Through the natural and moral law, self-evident right and wrong can be apprehended with reason alone. The role of the conscience in guiding our decisions presupposes a knowledge of what is right and wrong and is not a “subjective determination of such for oneself.” However, he said, there are forces in society trying to confine conscience to the private realm when it would lead one to act in accordance with an “inconvenient truth.”
“We are not asking Congress, for example, to pass a law requiring people to attend weekly religious services, or to cross themselves every time they pass in front of a Catholic church out of respect for the Real Presence,” Archbishop Cordileone said. “We are, however, asking the government to respect our God-given right to serve in accordance with our values just like everyone else.”
There are two fronts where the Church is fighting the battle for religious freedom — the freedom of Catholic institutions to carry out their missions without government interference and the freedom of individuals to act according to their own consciences.

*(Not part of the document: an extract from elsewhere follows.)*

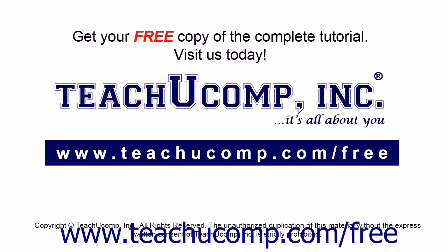Get your free copy of the complete tutorial at www.teachucomp.com/free.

“Given the significant role that Catholic institutions, religious orders, and individuals play in providing health care, it is vitally important that religious freedom be safeguarded everywhere … so we must remain vigilant in protecting the right of Catholic individuals and institutions to deliver health care in accordance with our moral principles — that, after all, is what got us involved in this aspect of life to begin with,” the archbishop said. “And let us not forget that the very concept of the hospital in the modern sense came from the Catholic Church.”
Dr. Tom Shellenberger, a surgical oncologist who attends St. Mary’s Basilica, said that as a doctor he does feel the pressure of the culture of death.

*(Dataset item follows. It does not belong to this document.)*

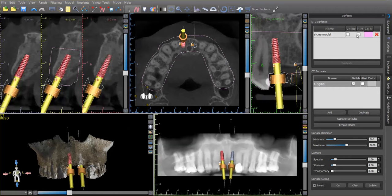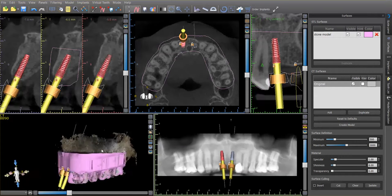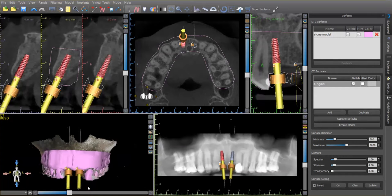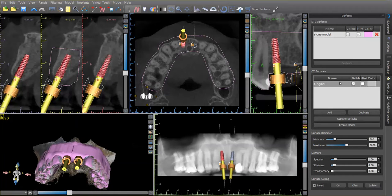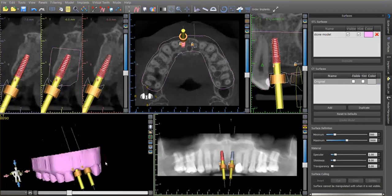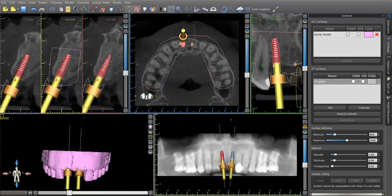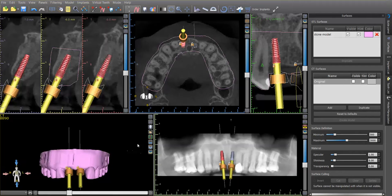So what I'll do is turn on the STL model. We've already done our treatment planning on the cone beam data, and so now we can turn off the cone beam rendering. As you can see, I've got the implants turned on and I'm going to turn off all of the models in this right-hand side — the CT surface, any other STL models that you may have.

“Our employers are pushing us in ways we don’t want to go,” he said. “The Hippocratic Oath can’t exist if you have abortion, euthanasia, physician-assisted suicide. More and more our voice in the public square needs to be a part of that discourse.”
Alexa Williams, a medical student at the University of Arizona College of Medicine who attends St. Thomas the Apostle Parish, said that as a student she’s seen some of the issues that the archbishop addressed.
“It makes me concerned about the future, but his speech here tonight helps me feel like we don’t have to give up and give in to that culture,” she said.
Archbishop Cordileone said that Catholic physicians find common ground with health care providers of other religious traditions and none at all in safeguarding the rights of physicians to follow the dictates of their consciences when treating patients.
“As Catholics, we have much to be proud of in our 2,000-year history of providing Christ-like, patient-centered health care to the suffering, the neediest, and the abandoned,” he said. “Thank you for doing so in a way that witnesses to the integrity of your faith and of your profession.”